§ Exercise details: The records that follow need to be printed exactly. Leave out each image.
_ _ _ _
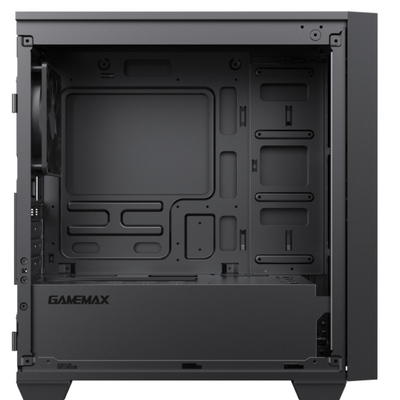 GameMax M61 Black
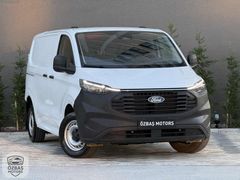 İLK SAHİBİNDEN FORD CUSTOM 320 S BOYASIZ DEĞİŞENSİZ %20 FATURALI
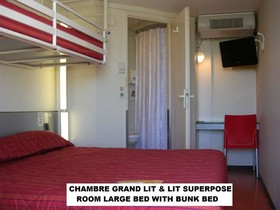 Hotel Première Classe Carcassonne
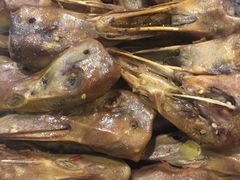 -双流传承老妈兔头(玉林总店)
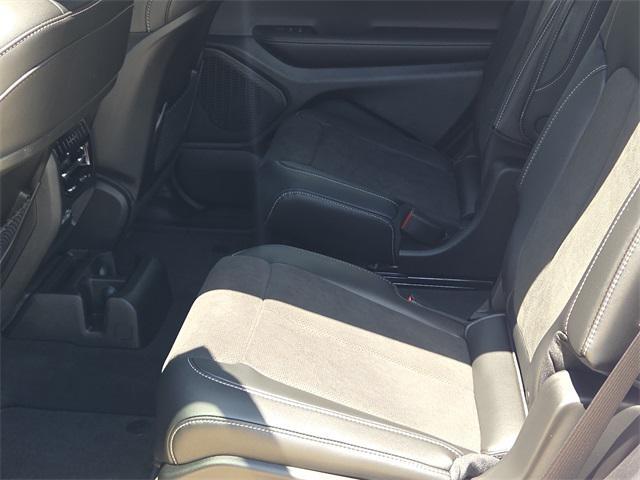 new 2025 Jeep Grand Cherokee L car, priced at $42,156
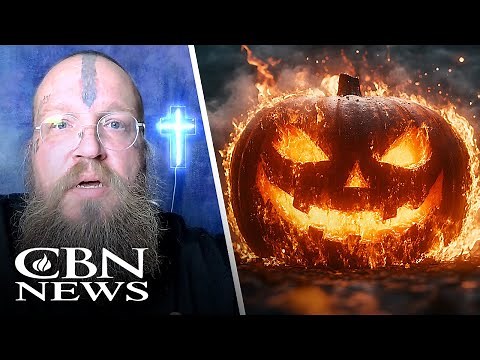 Ex-Satanist Exposes Halloween’s Demonic Secrets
_ _ _ _
§ Solution for this exercise:
 GameMax M61 Black
 İLK SAHİBİNDEN FORD CUSTOM 320 S BOYASIZ DEĞİŞENSİZ %20 FATURALI
 Hotel Première Classe Carcassonne
 -双流传承老妈兔头(玉林总店)
 new 2025 Jeep Grand Cherokee L car, priced at $42,156
 Ex-Satanist Exposes Halloween’s Demonic Secrets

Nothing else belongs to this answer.